Unas horas después, hablando con unas mujeres que se sacaban pelos y granos unas a otras en la cubierta superior, me entero que no llegaremos a Belém mañana como esperaba, pero temprano pasado mañana, lo cual significa pasar una noche más en el Amazon Star. Para lidiar con esta información decido tomar cerveza.
Sentada en la cubierta con una cerveza fría, intentando seguir las conversaciones rápidas en portugués de las mujeres, noto que aquí el río es mucho más ancho que antes, cumpliendo con su reputación por ser el más caudaloso del mundo, incluso en la temporada seca que ha expuesto las riberas y playas del Amazonas. Después de demasiadas cervezas, invitación de un hombre enamorado de una de las mujeres con quienes hablo, finalmente bajo a comer y dormir.
Día 4
Se se subió mucha gente en Monte Alegre, llenando el barco aún más que el primer día cuando salimos de Manaus. La ansiedad de llegar está empeorando con la claustrofobia. Dormí apañuscada entre hamacas que están tan cerca, que es imposible moverse sin pegarse con alguien, o quedarse quieto sin que el vecino me mueva. Estamos unos encima de otros, y ya hasta los pasillos están ocupados por las hamacas y equipaje de los pasajeros que embarcaron en la noche.
En la tarde, cuando me despierto de una larga siesta, miro por la ventana y veo la selva.
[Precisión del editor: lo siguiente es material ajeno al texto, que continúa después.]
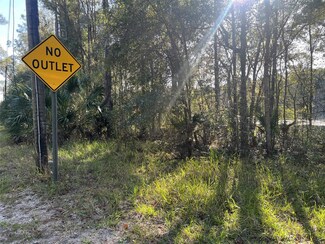 0 Forsythe Rd Unit MFRO6275775, Lake Helen, FL 32744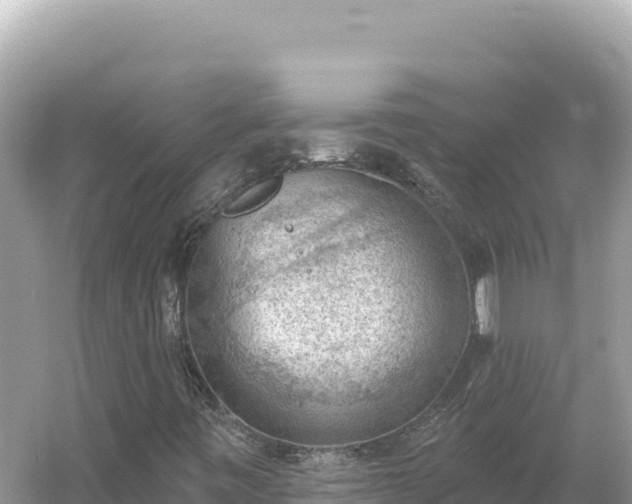 X0000054401443200508051701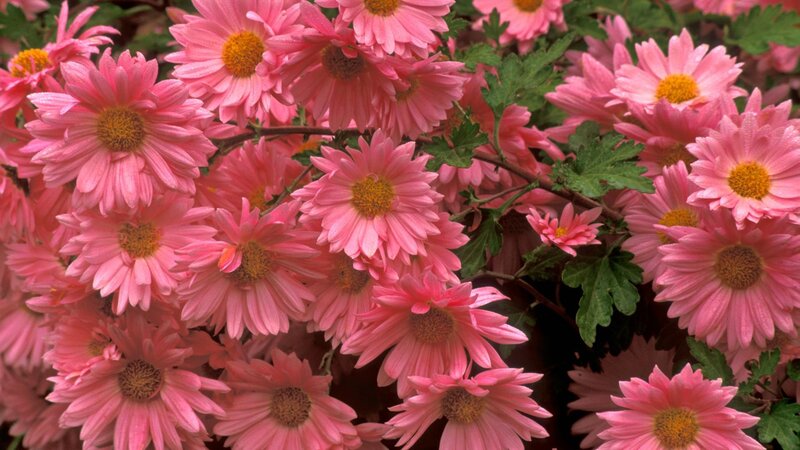 Pink chrysanthemum flowers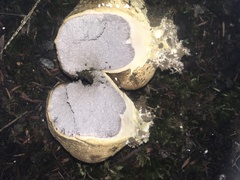 Scleroderma flavidum macrosporum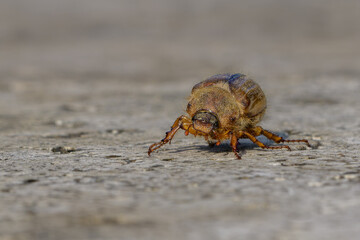 Hanneton aux reflets mordorés déambulant sur une dalle de pierre
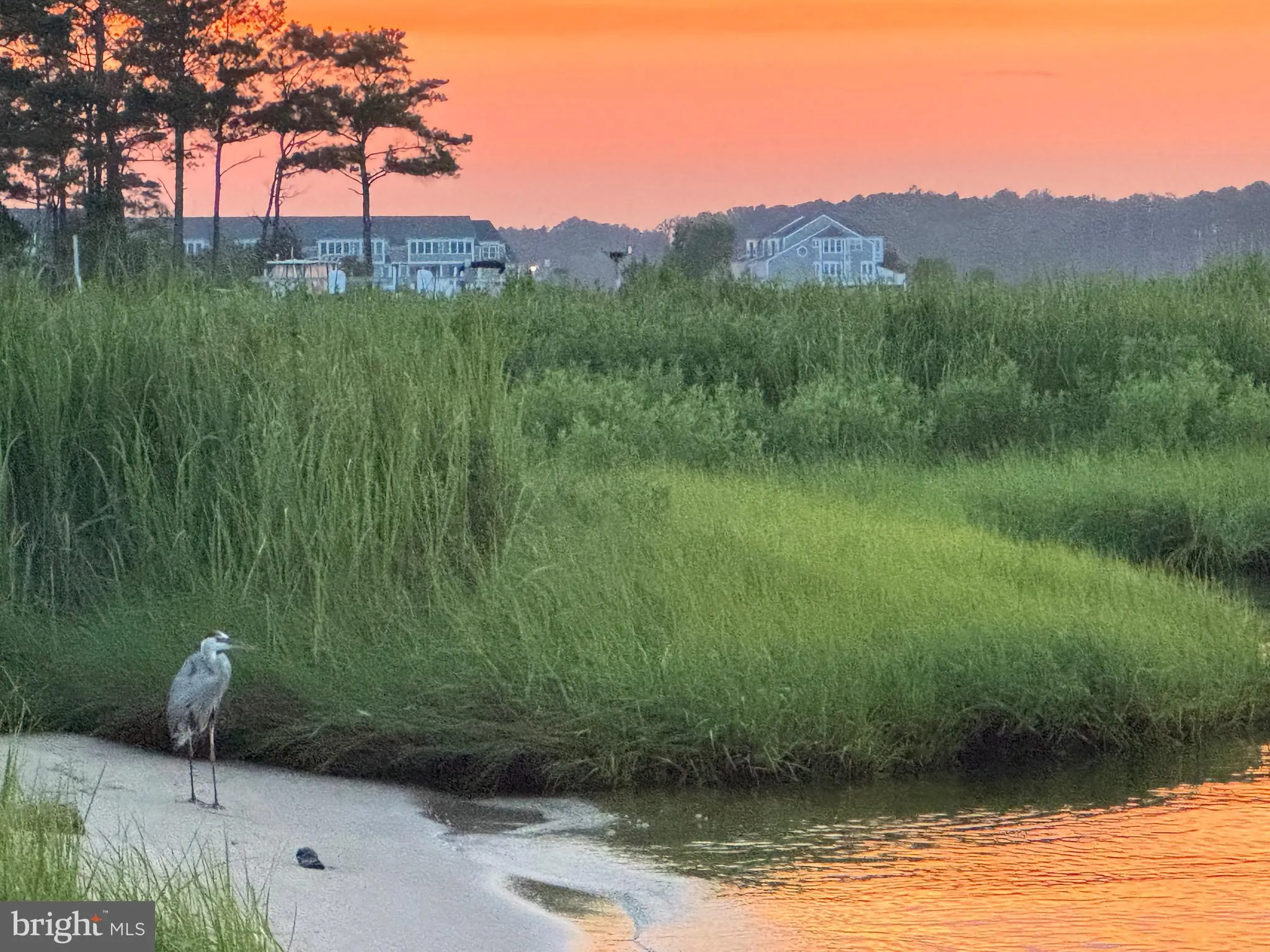 Additional image 77 of 30651 Tower Place, Selbyville, DE 19975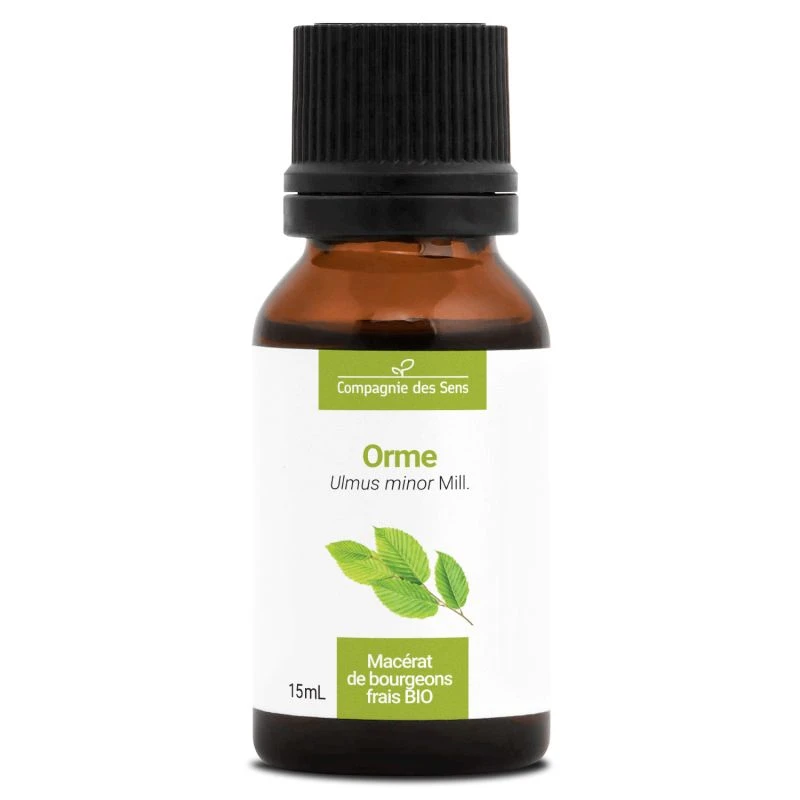 ORME - Macérat De Bourgeons BIO 1 ORME - Macérat De Bourgeons BIO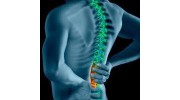 Apex Chiropractic - Albertville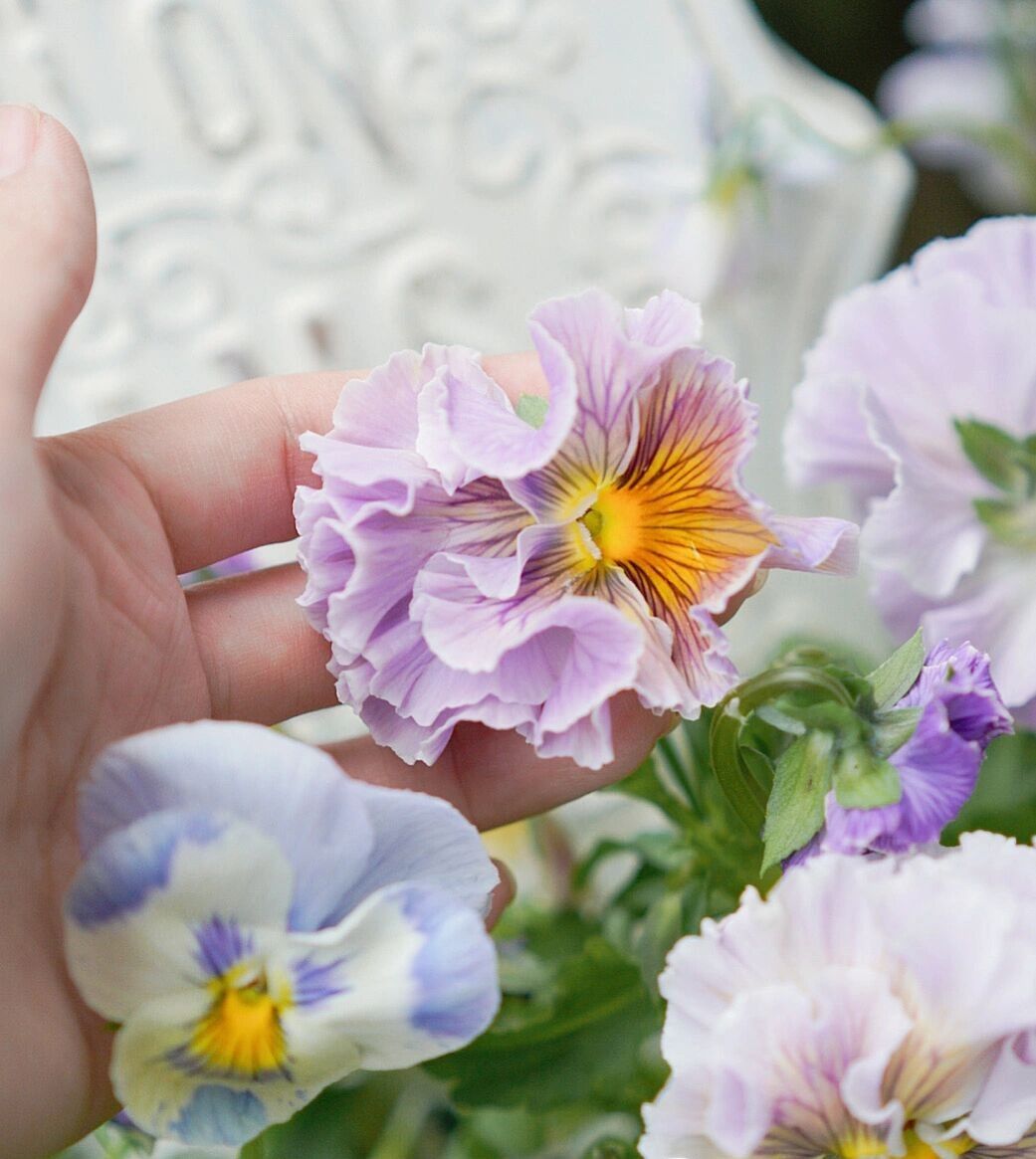 Chỉ vỏn vẹn 20m2 nhưng khu vườn sân thượng của đôi vợ chồng này như 1 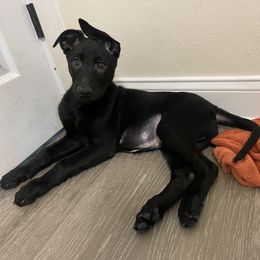 Boy 2 - xDutch Shepherd puppy from We Like it Ruff Working K9 Breeding and Training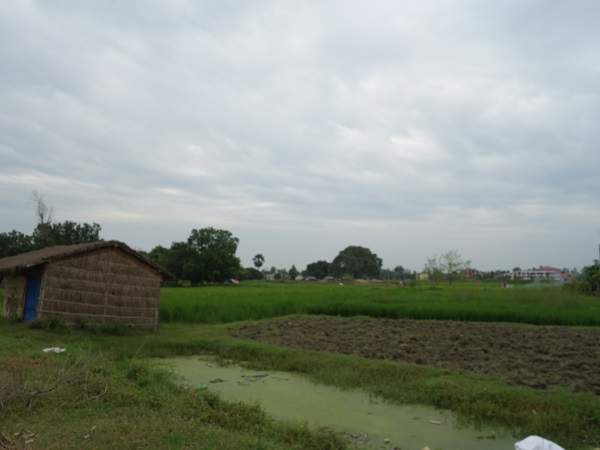 d0360509_115558.jpg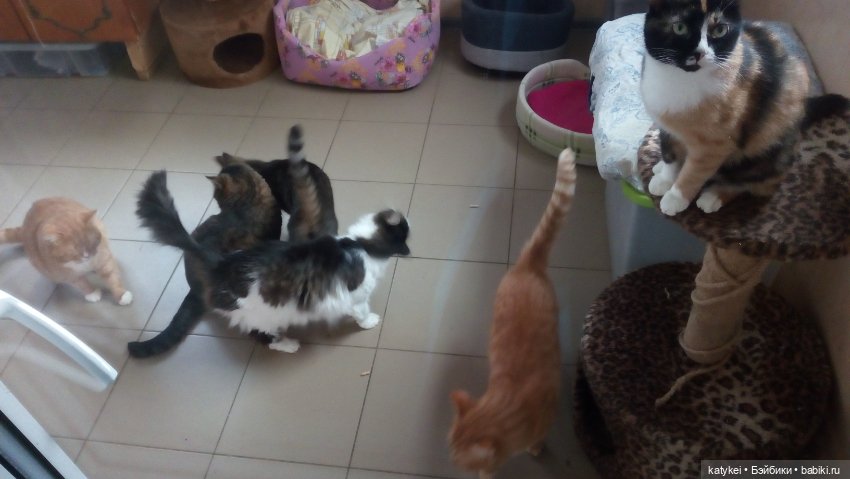 День домашних животных — Коллекционные игрушки и фигурки: Lego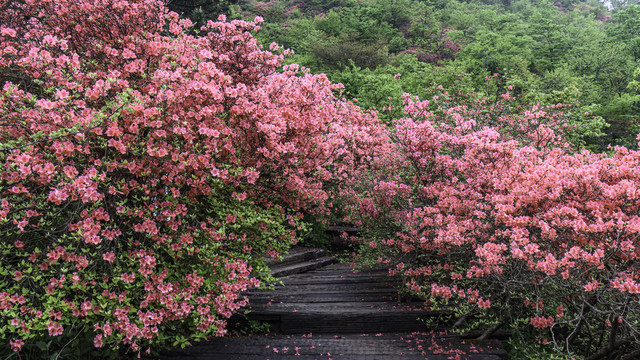 麻城龟峰山杜鹃花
Sí, he estado viajando por el Amazonas hace más de dos meses, pero ésta es la primera vez que veo la selva en Brasil tal como uno se la imagina: vegetación espesa, tupida, verde, vibrante, colgando sobre el río. Pasamos pequeñas comunidades de casas de madera que a penas se ven entre las palmas de coco y los manglares. Los indígenas se acercan al barco en sus canoas esperando que los pasajeros les tiren paquetes de comida y bolsas con ropa. Bajo el sol fuerte y el cielo azul, viajamos lentamente por el estrecho canal del río que nos saca de la monotonía de los últimos días. Siento que, a pesar de haber ya salido del estado de Amazonas, finalmente llegué a la selva.
Hacemos una última parada en la noche en el puerto de Breves y mi ansiedad llega a su punto máximo, ya desesperada por dormir lejos de las niñas que mueven mi hamaca todo el día, del gordo que ronca toda la noche, de la suciedad de los baños, de gatear sobre el piso mugroso, de las latas de cerveza a R$5, de las mismas caras curiosas que miran todo el día, de estar encerrada entre esa nave que flota por el río.
Día 5
Incapaz de dormir entre el gentío, paso la última noche desvelada, viendo cómo el cielo pasa de un negro profundo a un morado suave y eventualmente a un azul brillante. Veo a Belém en la distancia, bañada por la luz del amanecer, rodeada de nubes. Me sorprende el tamaño de la ciudad, los edificios altos a las orillas del río, el puerto moderno y limpio. Llego al hostal a comer y dormir, y a recuperarme de este viaje que resultó siendo más difícil de lo que me imaginaba, pero también más satisfactoria la llegada a esta nueva ciudad.